With summer around the corner and the festival season landing on our doorsteps with a massive Coachella thump, sales in fairy wings, denim shorts, wellington boots and glow sticks are set to soar.
But what‘s this I hear about plastic bottles?!
It was announced on the Guardian last week that more than 60 independent British music festivals have committed to banning single-use plastic from their site by 2021. The initiative has been labelled ‘Drastic on Plastic’ and is being led by the Association of Independent Festivals (AIF). It aims to remove plastic bottles, straws, glitter, food trays, cable ties and toiletry bottles from festival sites, replacing them with useable alternatives.
The carbon footprint of concerts
Concerts and festivals have been scrutinised for years over the rubbish and mess they leave behind once the fans have left. The use of single-use plastic cups, bottles and food containers makes the carbon footprint of the concert industry massive and over the past 5 years environmentalists and environmental groups have placed a huge emphasis on trying to solve it.

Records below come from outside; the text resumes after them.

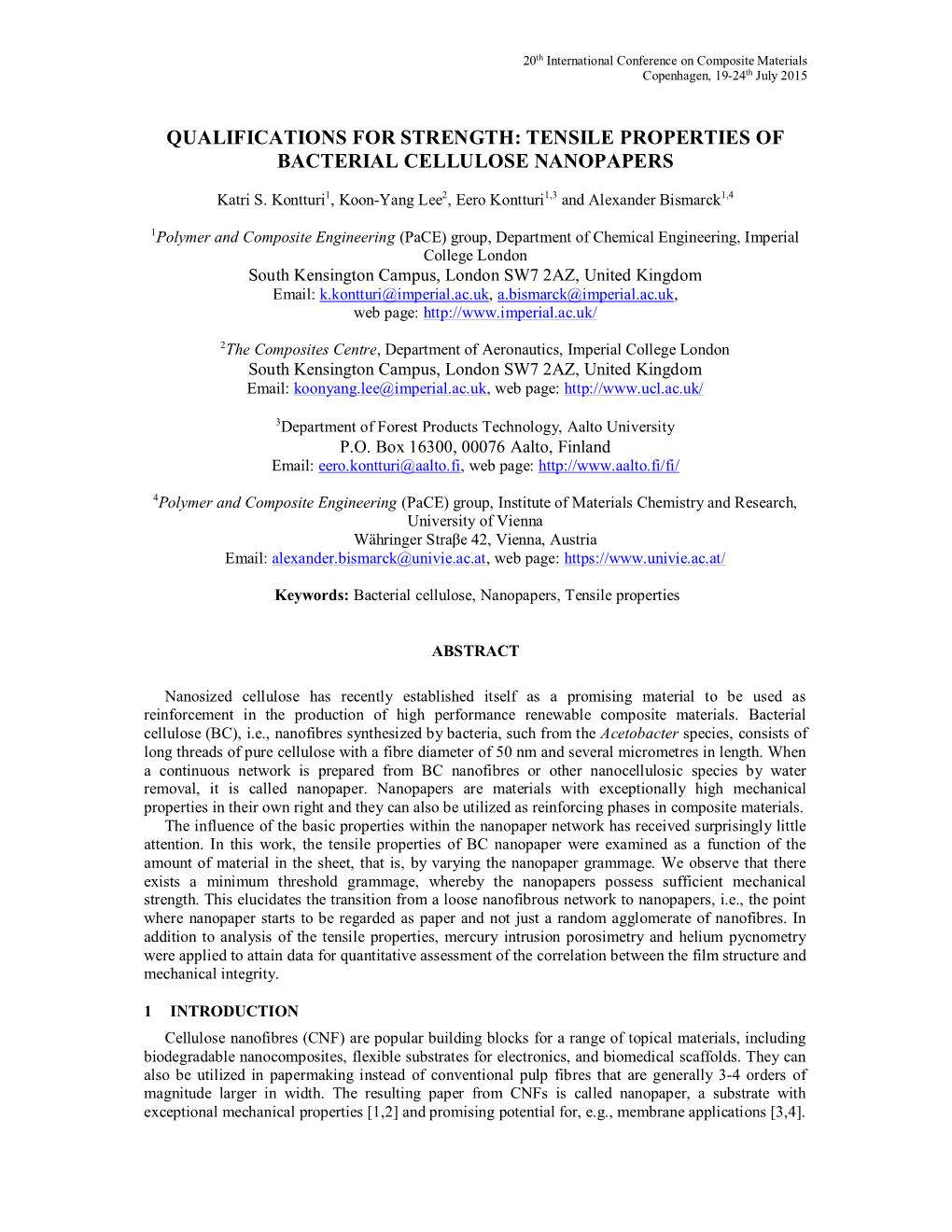 Tensile Properties of Bacterial Cellulose Nanopapers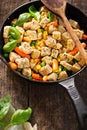 Vegetarian meat free pieces & x28;mycoprotein& x29; with vegetables on iron cast Royalty Free Stock Photo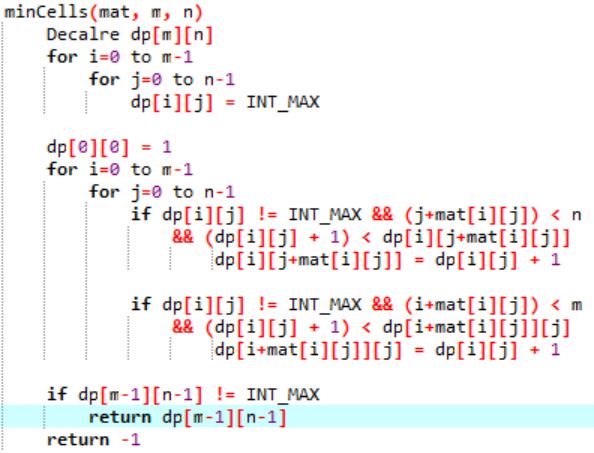 Minimum Cells Required To Reach Destination With Jumps Equal To Cell Values Geeksforgeeks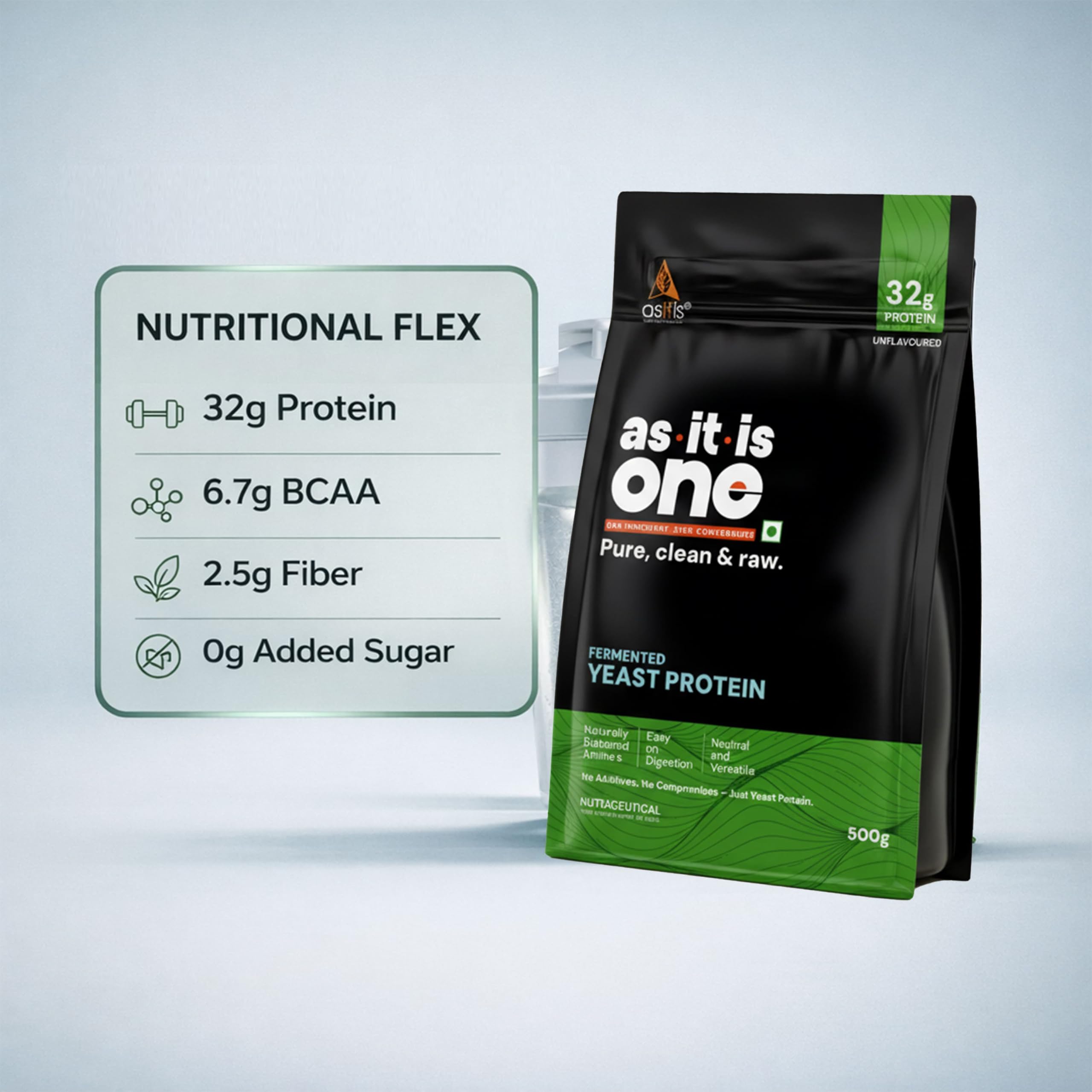 AS-IT-IS One Fermented Yeast Protein - Unflavoured, Unsweetened, 500g, Helps Muscle Protein Synthesis, Higher Absorption, No Bloat or Beany Note, Sustainable Choice for All Ages Adults — Amazon image 5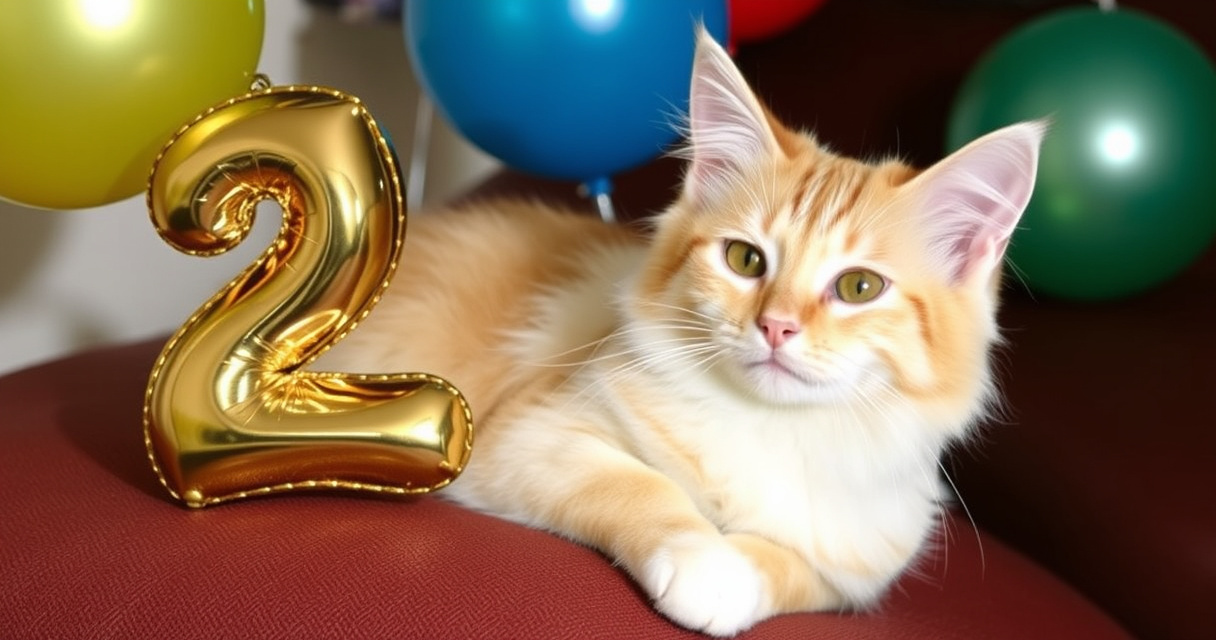 "Festeggiamenti per il 21° compleanno di Mozzarella, il gatto sopravvissuto a un tumore cerebrale."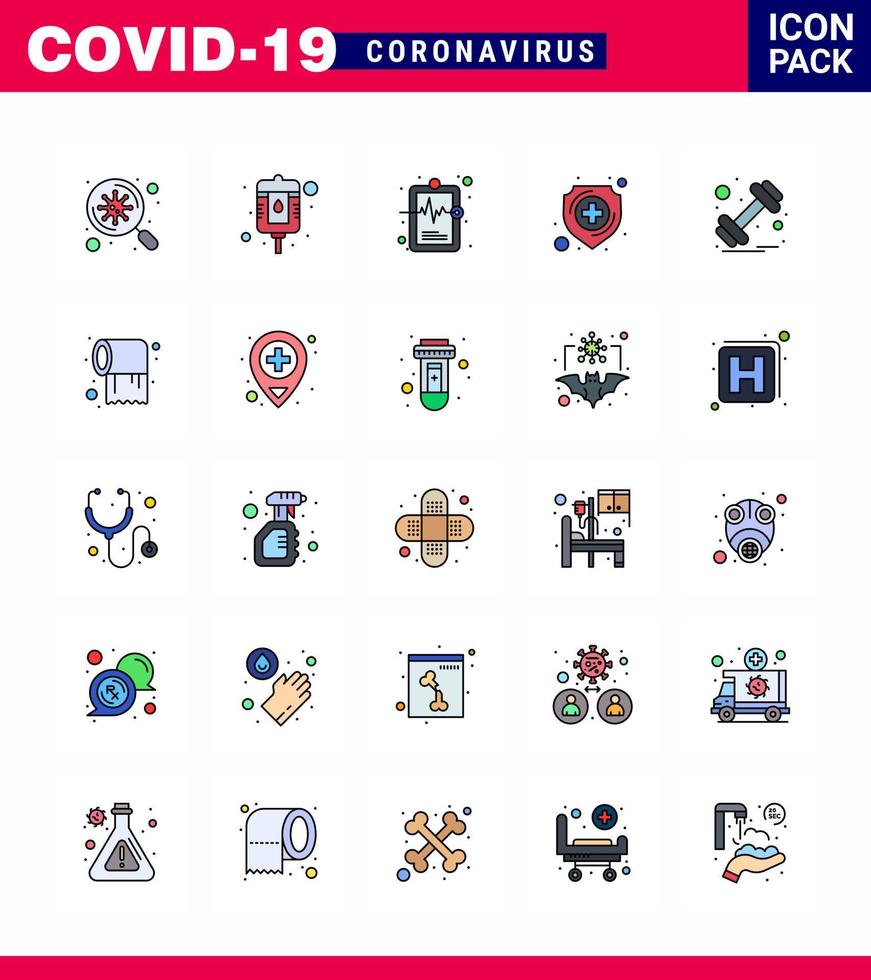 conjunto de iconos de prevención de coronavirus 25 peso azul con mancuernas gráfico de hospital escudo cuidado de la salud coronavirus viral 2019nov elementos de diseño de vectores de enfermedades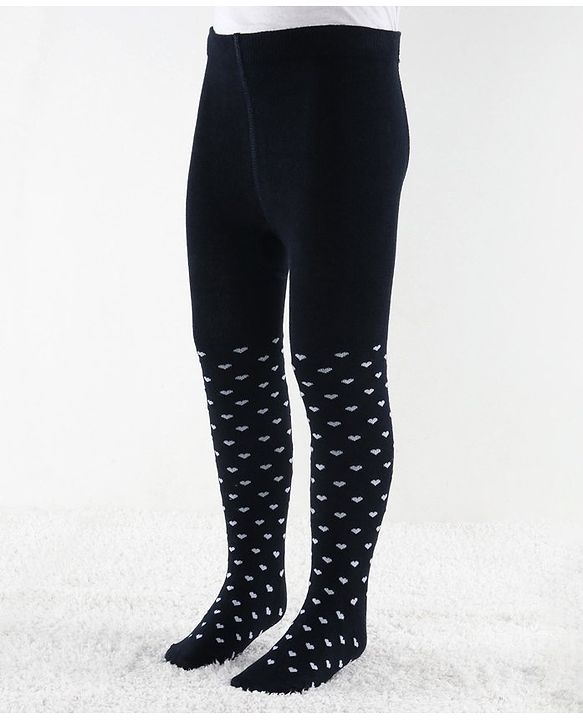 Cute Walk by Babyhug Antibacterial Heart Print Footed Tights - Navy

Back in 2014 environmental activist Dianna Cohen ran a project called Plastic Free Touring – part of her wider Plastic Free Living initiative. The project provided fans with reusable cups and stainless-steel containers. These single-use plastic alternatives proved to be very popular with over 7,500 purchased at Bonnaroo festival in America. Water refill stations were also provided in hopes that long term, people would break from their addiction to bottled water.
Dianna Cohen has also created a TED Talk on the ‘Tough Truths about Plastic Pollution’ which I recommend watching here.
The ‘A Greener Festival’ not for Profit Company also made waves in 2014 by creating a plastic free festival guide (called Making Waves). This was off the back of Shambala Festivals ‘Bring a Bottle’ campaign where festival goers and artists were encouraged to bring a re-usable bottle with them.
Helping ease the clean up
Over the past few years, not only have photos and videos from festivals filled our newsfeeds, photos of mass post-festival clean-ups have also hit the headlines. At Glastonbury for example, year after year we see photos of fields covered in rubbish dumped by over 150,000 festival goers. The only way to clean-up the mess is with a team of 800 people hired to pick up the waste along with hundreds of abandoned tents and other items.
The perks for Glastonbury litter pickers is a free festival ticket, but there is still no shortage of volunteers who sign up for the marathon task of walking 15-20 miles a day in order to pick up rubbish over the 900 acre site.
At Coachella festival in California the clean-up has also hit the headlines recently due to the 107 tonnes of waste it generates each day. Due to the high temperatures in the festival’s desert location, the usage of single-use plastic water bottles is extremely high and unfortunately in 2017 it was noted how the use of recycling facilities on site was poor and only 20% of waste was recycled.
The future of the festival
The future of festivals is something already under discussion with Festival Vision: 2025. Organisers are looking to change the way cups are disposed, make changes in the supply chain, be more energy efficient and improve water management. Festival Vision: 2025 is a shared vision of sustainability and is the festival industry’s response to the 2015 global climate change talks in Paris.
The overall aim of the pledge is to achieve a 50% reduction in festival-rated annual greenhouse gas emissions by 2025. You can read more about this pledge here.
As for the ‘Drastic on Plastic’ initiative with the Association of Independent Festivals (AIF), the fact that 60 major UK festivals are now signed up and poised to take part from 22nd April (Earth Day) is a fantastic step forward and the future of festivals not only looks colourful, but all shades of green are shining through!